Stored data
- Opening Delimiter -

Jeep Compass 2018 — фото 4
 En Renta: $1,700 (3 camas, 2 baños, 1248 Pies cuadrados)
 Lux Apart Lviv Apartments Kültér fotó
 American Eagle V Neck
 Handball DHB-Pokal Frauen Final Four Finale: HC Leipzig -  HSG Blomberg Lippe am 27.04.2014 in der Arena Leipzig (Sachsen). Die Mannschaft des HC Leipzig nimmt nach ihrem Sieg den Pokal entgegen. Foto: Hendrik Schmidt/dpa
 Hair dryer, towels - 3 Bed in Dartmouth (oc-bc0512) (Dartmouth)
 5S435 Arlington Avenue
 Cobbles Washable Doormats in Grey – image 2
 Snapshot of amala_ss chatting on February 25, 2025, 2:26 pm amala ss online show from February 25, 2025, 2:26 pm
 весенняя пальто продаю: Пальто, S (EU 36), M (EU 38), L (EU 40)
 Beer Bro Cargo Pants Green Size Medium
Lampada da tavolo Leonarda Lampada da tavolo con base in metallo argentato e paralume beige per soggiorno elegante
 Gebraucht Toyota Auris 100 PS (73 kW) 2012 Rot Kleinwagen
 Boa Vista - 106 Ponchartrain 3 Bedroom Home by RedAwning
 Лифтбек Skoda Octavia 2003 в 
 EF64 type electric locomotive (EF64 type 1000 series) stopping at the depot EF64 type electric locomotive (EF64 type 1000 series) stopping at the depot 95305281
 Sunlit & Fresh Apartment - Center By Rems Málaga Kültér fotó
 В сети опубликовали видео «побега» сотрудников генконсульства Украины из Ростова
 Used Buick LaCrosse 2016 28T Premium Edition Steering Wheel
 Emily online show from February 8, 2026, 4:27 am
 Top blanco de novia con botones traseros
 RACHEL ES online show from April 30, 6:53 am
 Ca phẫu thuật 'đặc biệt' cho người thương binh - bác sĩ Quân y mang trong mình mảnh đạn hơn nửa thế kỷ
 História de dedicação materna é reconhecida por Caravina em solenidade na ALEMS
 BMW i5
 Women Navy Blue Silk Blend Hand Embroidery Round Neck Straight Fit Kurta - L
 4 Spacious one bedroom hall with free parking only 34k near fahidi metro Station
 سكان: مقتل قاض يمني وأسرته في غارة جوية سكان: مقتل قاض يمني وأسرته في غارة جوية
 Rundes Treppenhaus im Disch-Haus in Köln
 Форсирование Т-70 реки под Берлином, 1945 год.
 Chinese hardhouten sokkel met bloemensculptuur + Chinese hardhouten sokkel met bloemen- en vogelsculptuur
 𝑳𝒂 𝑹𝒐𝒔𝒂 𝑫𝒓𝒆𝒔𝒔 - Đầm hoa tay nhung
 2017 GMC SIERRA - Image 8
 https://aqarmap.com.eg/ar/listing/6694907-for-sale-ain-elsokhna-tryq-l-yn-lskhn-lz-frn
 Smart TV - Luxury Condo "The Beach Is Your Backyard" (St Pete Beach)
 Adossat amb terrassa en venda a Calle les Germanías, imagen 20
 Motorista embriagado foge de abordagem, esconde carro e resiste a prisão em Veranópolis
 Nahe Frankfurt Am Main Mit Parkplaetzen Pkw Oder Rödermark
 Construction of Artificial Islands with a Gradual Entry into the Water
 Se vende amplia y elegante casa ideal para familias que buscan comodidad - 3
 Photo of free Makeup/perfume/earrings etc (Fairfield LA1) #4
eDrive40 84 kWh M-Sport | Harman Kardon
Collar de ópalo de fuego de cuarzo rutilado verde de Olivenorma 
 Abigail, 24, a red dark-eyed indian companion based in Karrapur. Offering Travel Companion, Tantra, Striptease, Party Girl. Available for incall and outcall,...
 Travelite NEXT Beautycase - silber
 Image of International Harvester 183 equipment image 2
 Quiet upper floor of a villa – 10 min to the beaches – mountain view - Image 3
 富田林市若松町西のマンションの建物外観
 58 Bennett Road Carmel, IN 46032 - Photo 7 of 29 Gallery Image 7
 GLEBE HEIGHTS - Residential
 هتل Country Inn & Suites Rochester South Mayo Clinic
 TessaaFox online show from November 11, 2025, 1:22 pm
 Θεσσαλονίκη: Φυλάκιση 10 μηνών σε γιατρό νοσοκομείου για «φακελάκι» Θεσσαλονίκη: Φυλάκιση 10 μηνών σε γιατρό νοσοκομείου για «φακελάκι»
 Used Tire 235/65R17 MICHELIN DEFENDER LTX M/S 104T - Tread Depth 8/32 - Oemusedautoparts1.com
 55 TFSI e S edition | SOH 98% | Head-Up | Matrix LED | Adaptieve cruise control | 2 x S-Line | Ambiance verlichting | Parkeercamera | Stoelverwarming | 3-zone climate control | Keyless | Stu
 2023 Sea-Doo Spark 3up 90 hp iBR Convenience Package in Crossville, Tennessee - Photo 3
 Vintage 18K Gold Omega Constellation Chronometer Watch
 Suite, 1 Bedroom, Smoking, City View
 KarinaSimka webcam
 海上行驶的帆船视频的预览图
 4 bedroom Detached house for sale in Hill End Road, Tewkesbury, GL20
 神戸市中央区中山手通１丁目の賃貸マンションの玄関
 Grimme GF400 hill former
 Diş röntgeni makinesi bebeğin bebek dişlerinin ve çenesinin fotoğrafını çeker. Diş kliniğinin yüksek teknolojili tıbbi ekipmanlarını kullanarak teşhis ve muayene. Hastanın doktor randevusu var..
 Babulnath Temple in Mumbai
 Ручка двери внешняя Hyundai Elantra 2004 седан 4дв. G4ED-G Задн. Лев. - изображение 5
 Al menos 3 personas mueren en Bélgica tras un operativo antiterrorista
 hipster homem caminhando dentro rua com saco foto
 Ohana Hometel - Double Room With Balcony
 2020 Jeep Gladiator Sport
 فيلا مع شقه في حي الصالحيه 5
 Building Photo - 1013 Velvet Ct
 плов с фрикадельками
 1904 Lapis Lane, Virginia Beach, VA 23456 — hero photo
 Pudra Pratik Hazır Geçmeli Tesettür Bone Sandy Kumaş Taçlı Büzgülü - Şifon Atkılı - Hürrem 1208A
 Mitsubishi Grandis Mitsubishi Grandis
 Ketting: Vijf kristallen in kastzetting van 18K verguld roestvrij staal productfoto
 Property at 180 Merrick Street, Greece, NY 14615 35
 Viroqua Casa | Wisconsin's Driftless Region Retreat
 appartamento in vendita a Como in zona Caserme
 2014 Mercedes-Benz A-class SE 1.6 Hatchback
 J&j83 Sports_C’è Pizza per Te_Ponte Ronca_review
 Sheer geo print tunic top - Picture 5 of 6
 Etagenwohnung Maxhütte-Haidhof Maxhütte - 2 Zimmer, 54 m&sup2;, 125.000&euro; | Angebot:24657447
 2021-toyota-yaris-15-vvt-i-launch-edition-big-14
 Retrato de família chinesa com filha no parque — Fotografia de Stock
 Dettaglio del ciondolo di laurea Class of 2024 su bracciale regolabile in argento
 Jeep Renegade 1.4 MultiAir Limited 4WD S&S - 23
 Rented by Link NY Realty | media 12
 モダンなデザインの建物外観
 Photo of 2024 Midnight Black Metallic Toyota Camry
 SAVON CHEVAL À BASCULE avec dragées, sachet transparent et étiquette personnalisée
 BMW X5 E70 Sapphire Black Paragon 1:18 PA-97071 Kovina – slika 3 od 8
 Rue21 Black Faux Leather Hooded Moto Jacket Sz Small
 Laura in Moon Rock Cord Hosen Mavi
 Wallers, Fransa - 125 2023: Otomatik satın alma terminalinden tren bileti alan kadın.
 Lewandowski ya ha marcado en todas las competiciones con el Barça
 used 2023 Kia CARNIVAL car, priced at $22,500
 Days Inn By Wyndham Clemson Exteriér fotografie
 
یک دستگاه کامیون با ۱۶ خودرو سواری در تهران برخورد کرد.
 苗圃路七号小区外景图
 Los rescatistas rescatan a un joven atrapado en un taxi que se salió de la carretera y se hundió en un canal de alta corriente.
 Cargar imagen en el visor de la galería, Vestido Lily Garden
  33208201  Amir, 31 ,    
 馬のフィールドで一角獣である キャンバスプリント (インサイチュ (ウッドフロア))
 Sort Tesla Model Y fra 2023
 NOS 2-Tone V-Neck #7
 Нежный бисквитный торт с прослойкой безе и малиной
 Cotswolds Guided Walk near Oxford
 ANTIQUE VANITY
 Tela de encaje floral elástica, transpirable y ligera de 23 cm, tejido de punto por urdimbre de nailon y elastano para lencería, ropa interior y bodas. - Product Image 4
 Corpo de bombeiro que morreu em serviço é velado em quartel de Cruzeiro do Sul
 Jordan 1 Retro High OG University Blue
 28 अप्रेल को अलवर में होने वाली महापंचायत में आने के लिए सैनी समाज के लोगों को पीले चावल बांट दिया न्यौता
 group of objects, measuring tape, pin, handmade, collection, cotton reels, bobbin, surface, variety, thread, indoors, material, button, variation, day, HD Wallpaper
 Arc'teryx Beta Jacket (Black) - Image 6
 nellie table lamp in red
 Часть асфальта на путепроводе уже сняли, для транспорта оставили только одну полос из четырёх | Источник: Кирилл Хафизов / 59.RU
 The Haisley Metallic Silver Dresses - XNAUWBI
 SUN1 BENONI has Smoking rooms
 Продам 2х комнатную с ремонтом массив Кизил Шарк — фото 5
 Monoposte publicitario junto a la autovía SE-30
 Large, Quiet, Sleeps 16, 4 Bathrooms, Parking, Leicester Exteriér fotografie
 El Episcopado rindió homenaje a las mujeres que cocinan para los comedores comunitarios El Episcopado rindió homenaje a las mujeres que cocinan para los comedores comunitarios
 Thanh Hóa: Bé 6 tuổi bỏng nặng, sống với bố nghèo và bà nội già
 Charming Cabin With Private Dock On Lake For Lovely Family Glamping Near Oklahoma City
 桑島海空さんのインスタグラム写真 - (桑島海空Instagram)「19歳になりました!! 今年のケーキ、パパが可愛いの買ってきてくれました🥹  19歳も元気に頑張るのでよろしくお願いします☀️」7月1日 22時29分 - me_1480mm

- Closing Delimiter -

- **Problem to work on**: Check each line of the records for the word "Quiet" and extract those that contain it.

- **Worked solution**:
 Quiet upper floor of a villa – 10 min to the beaches – mountain view - Image 3
 Large, Quiet, Sleeps 16, 4 Bathrooms, Parking, Leicester Exteriér fotografie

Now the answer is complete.